The Colorful Soviet Mosaics Decorating Ukraine’s Streets
Ukraine gained independence from the Soviet Union more than 25 years ago, but vestiges of communism remain. On streets across the country, the faces of industrious peasants, inventive engineers, and pioneering astronauts still beam from propaganda mosaics adorning everything from apartment blocks to movie theaters.
Yevgen Nikiforov documents more than 1,000 mosaics and other monumental public artworks in Decommunized: Ukrainian Soviet Mosaics. The photographs are a kaleidoscope of color, depicting an idealized, futuristic vision of Soviet life that mesmerizes Nikiforov—no matter how short it falls from reality. “What amazes me the most is how complicated these works are and how much time and skill was invested in them,” Nikiforov says.
Soviet Ukraine’s history isn’t pretty. The country has seen mass killings, forced collectivization, and a Joseph Stalin-orchestrated famine that claimed at least 4 million lives. Artists had trouble earning a living unless they joined the Union of Artists, a state-mandated organization established in 1957 that controlled all aspects of artistic life—planning exhibitions, commissioning artworks, even distributing paintbrushes. It pushed work promoting communist ideology, depicting Soviet citizens as physically fit workers who raised families, forged steel, and even mastered atoms. Artists who complied were handsomely rewarded, earning as much as 1,000 Soviet rubles for a bus stop mosaic made of tiny pieces of ceramic and glass or 6,000 for a large panel—a fortune when many Ukrainians made less than 100 rubles a month.
Some might dismiss these works as propaganda, but Nikiforov thinks they’re artistically valuable. He points to mosaicists like Valeriy Lamakh and Alexander Dubovik, who incorporated subversive, abstract elements from their private painting into public projects. “The strongest monumentalist artists did not merely illustrate what the party told them in these mosaics,” Nikiforov says. “To me, they communicate basic ideas that outgrow the propaganda, and that’s why they are still interesting.”
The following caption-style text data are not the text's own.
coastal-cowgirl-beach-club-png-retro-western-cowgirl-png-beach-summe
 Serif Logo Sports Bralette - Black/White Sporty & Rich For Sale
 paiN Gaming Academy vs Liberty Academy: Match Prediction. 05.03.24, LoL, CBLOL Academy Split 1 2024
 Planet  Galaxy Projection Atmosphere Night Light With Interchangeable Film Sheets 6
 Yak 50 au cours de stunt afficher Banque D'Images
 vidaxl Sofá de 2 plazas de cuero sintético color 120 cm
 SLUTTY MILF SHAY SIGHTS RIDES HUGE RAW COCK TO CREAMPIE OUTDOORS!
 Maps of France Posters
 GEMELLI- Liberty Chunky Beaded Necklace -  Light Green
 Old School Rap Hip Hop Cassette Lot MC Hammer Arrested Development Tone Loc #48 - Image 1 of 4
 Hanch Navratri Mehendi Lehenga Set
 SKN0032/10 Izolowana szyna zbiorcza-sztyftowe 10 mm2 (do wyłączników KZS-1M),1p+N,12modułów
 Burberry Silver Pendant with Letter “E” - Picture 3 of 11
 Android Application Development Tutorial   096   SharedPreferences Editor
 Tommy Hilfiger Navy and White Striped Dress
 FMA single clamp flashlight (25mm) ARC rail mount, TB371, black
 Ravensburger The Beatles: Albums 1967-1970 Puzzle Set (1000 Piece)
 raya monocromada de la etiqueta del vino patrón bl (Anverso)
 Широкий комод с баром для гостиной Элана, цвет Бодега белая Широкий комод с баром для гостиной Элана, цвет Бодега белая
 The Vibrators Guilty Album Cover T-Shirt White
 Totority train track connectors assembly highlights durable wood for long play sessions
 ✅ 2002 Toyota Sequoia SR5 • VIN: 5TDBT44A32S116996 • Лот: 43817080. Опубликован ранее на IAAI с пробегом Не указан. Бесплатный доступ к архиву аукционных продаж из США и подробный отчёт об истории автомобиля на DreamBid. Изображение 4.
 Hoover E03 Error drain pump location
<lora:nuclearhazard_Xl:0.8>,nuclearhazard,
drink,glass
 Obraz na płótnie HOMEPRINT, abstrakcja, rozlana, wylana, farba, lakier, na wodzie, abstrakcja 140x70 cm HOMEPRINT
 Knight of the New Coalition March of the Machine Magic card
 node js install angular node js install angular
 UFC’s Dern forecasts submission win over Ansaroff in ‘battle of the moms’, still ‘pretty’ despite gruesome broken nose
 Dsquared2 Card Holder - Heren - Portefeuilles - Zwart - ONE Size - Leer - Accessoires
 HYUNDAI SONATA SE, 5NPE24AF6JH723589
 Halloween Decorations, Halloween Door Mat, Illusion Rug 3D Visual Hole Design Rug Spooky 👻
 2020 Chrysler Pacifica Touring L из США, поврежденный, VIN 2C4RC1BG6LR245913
Nikiforov became interested in them in late 2013, when the publisher Osnovy commissioned him to shoot the chapter on monumental artworks for the book The Art of the Ukrainian Sixties. He realized how poorly documented even the most iconic mosaics were and began systematically photographing them—a project that grew in urgency following a 2015 decommunization law that prohibited Soviet symbols in public space and sanctioned their removal. “It wasn’t just ordinary architectural decorations or monuments to past politicians that were put on the blacklist, but also many interesting art pieces were in danger,” Nikiforov says.
He spent three years traveling some 22,000 miles through Ukraine by car, train, and bus to document as many mosaics as he could. Most were created after Stalin’s death in 1953 and before the dissolution of the Soviet Union in 1991 and had fallen into disrepair and neglect. Nikiforov found them by poring through old Soviet art magazines, searching user-generated online photo albums, and talking to elderly artists. He photographed them with a DSLR in the colder months, when barren branches permitted unobstructed views of the art.
The photographs don’t simply document Ukraine’s Soviet-era mosaics but also raise deeper questions about how to deal with the controversial artistic heritage of the past: When does propaganda become art? If it is art, is it worth protecting? And is public space really the best place to display it? It seems some Ukrainians think the answer is no; by Nikiforov’s count, nearly 50 mosaics and other artworks—some featuring hammers and sickles and red stars—have been removed or destroyed since he photographed them.
But hundreds more artworks remain—public reminders of a troubling era that ended more than a quarter century ago.
Decommunized: Ukrainian Soviet Mosaics is out from DOM Publishers.